■ **Problem to work on**: The response must be the exact lines from the one that contains "Expander Gate - Feedback" through the end of the material, with no pictures and no additional lines.

■ **Data supplied**:

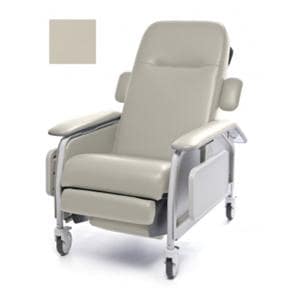Lumex Clinical Care Clinical Recliner 290lb Capacity Manual Oatmeal Ea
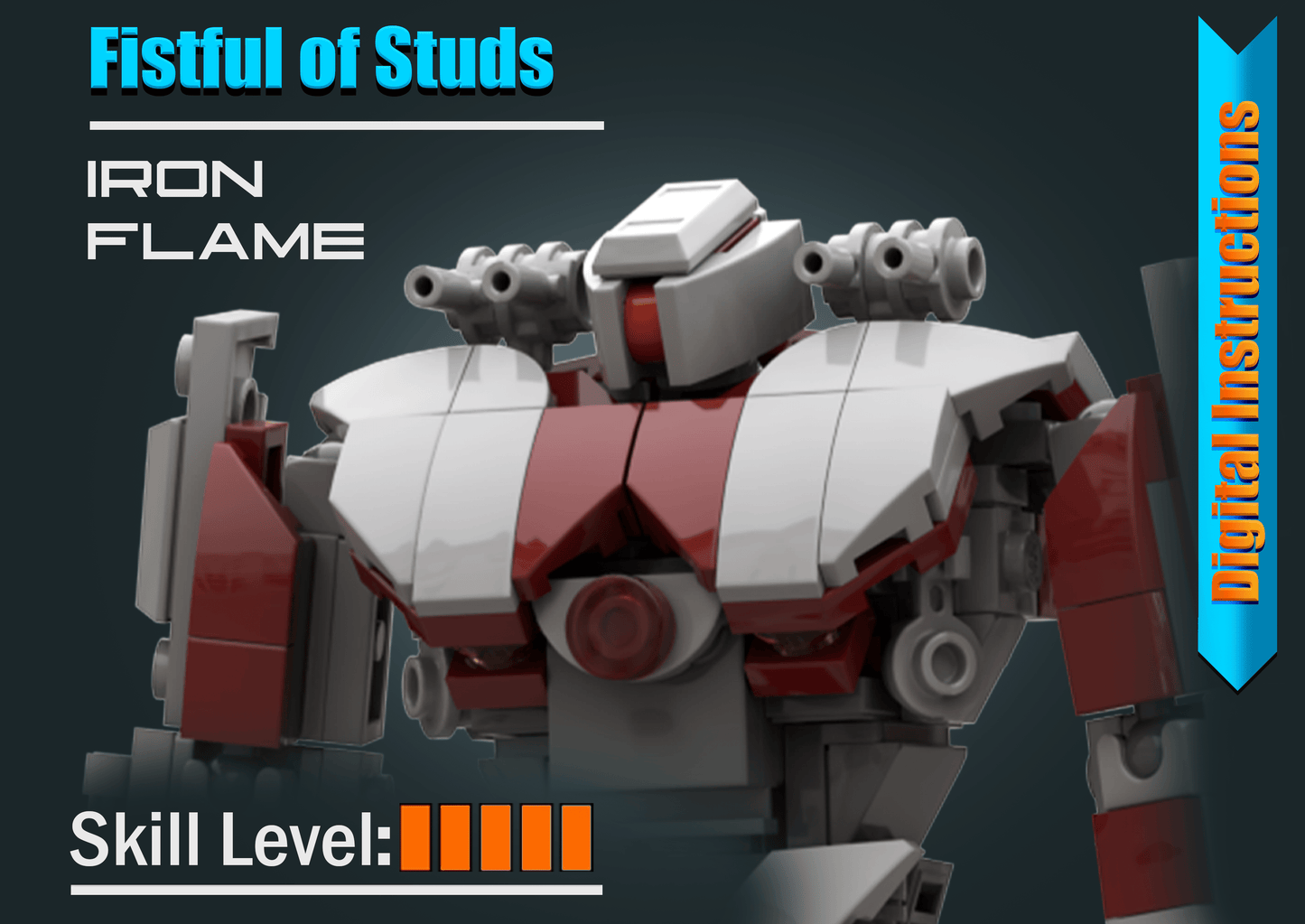 Iron Flame Jaeger Gen 6 - Digital Instructions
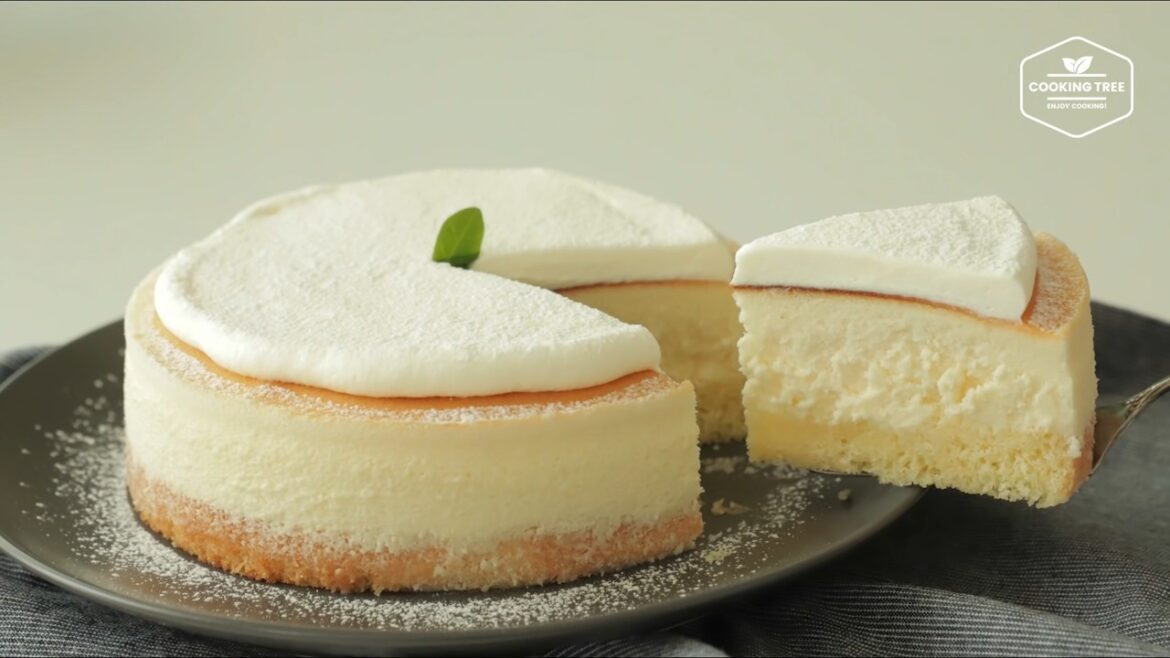 Gâteau au fromage soufflé à la friteuse à air (sans four)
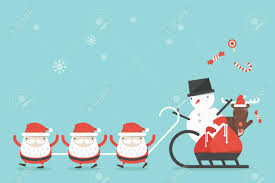 Don't forget to link to this page for attribution! Funny Christmas Cartoon Background Vector Royalty Free Cliparts Vectors And Stock Illustration Image 24365936
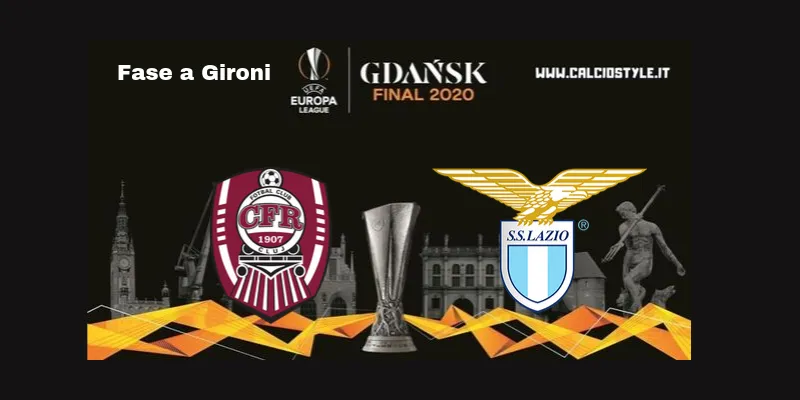 Cluj-Lazio: probabili formazioni e dove vederla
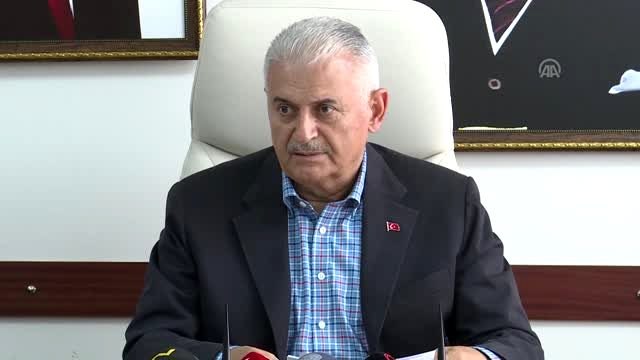 Binali Yıldırım: İzmir halkının kafasındaki yangın ile ilgili şüpheleri kaldırmak için geldik -...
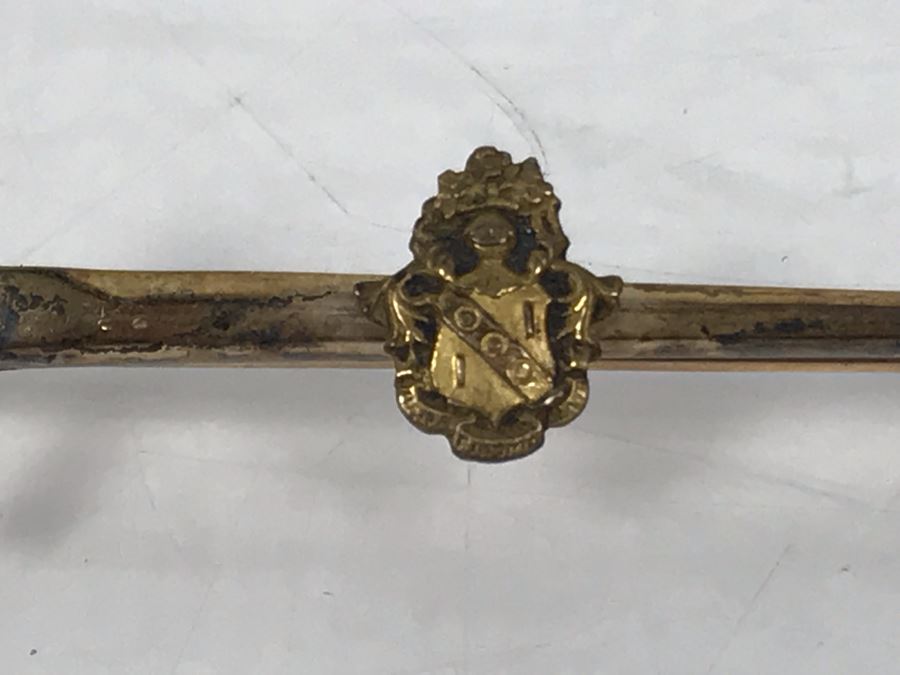 Vintage Sterling Silver Sword Brooch Pin 5.5g [Photo 2]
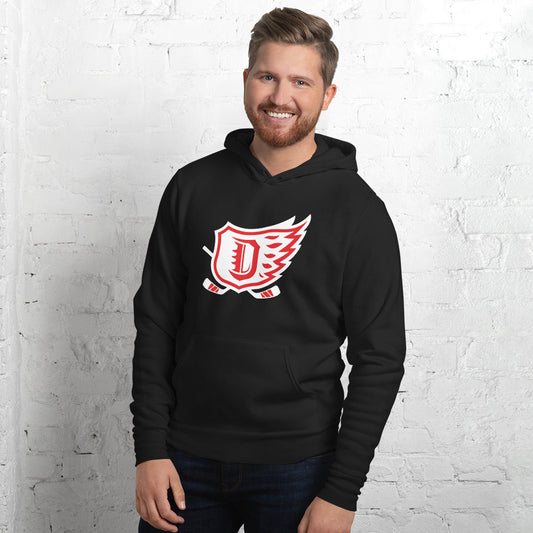 RED WINGS HOODIE (UNISEX)
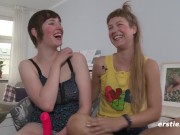 Ersties - Ida wird von Marlin zum Höhepunkt gefistet 12/16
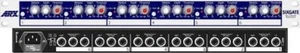 Expander Gate - Feedback Destroyer Ground Hum Eliminator  W/ 6 Channel & Inserts - Picture 1 of 10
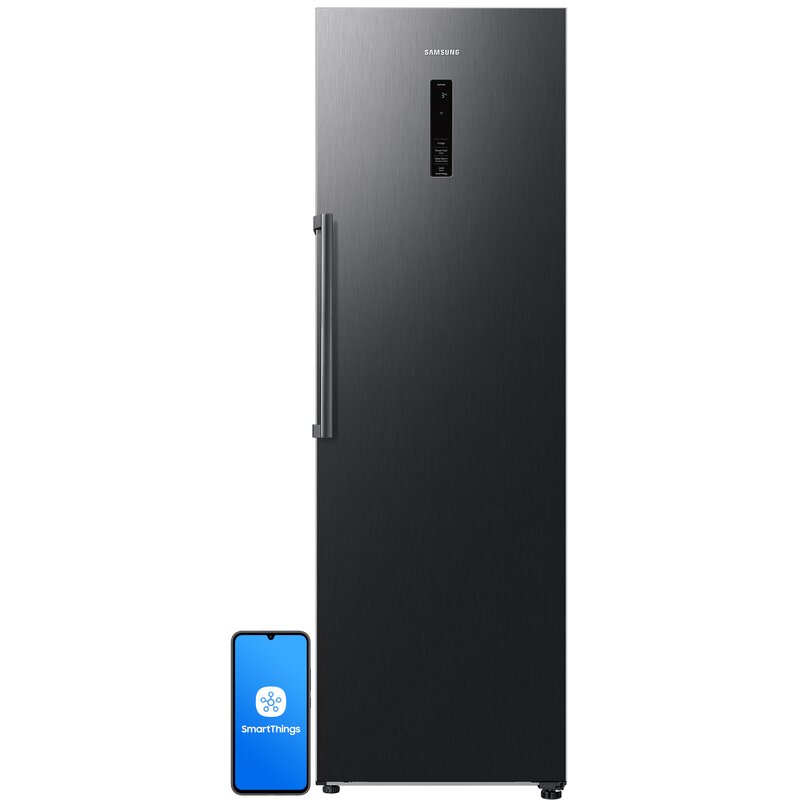 Lodówka SAMSUNG RR39C7EC5B1EF No frost AI Energy Mode 186cm Grafitowa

■ **Result**:
 Expander Gate - Feedback Destroyer Ground Hum Eliminator  W/ 6 Channel & Inserts - Picture 1 of 10
 Lodówka SAMSUNG RR39C7EC5B1EF No frost AI Energy Mode 186cm Grafitowa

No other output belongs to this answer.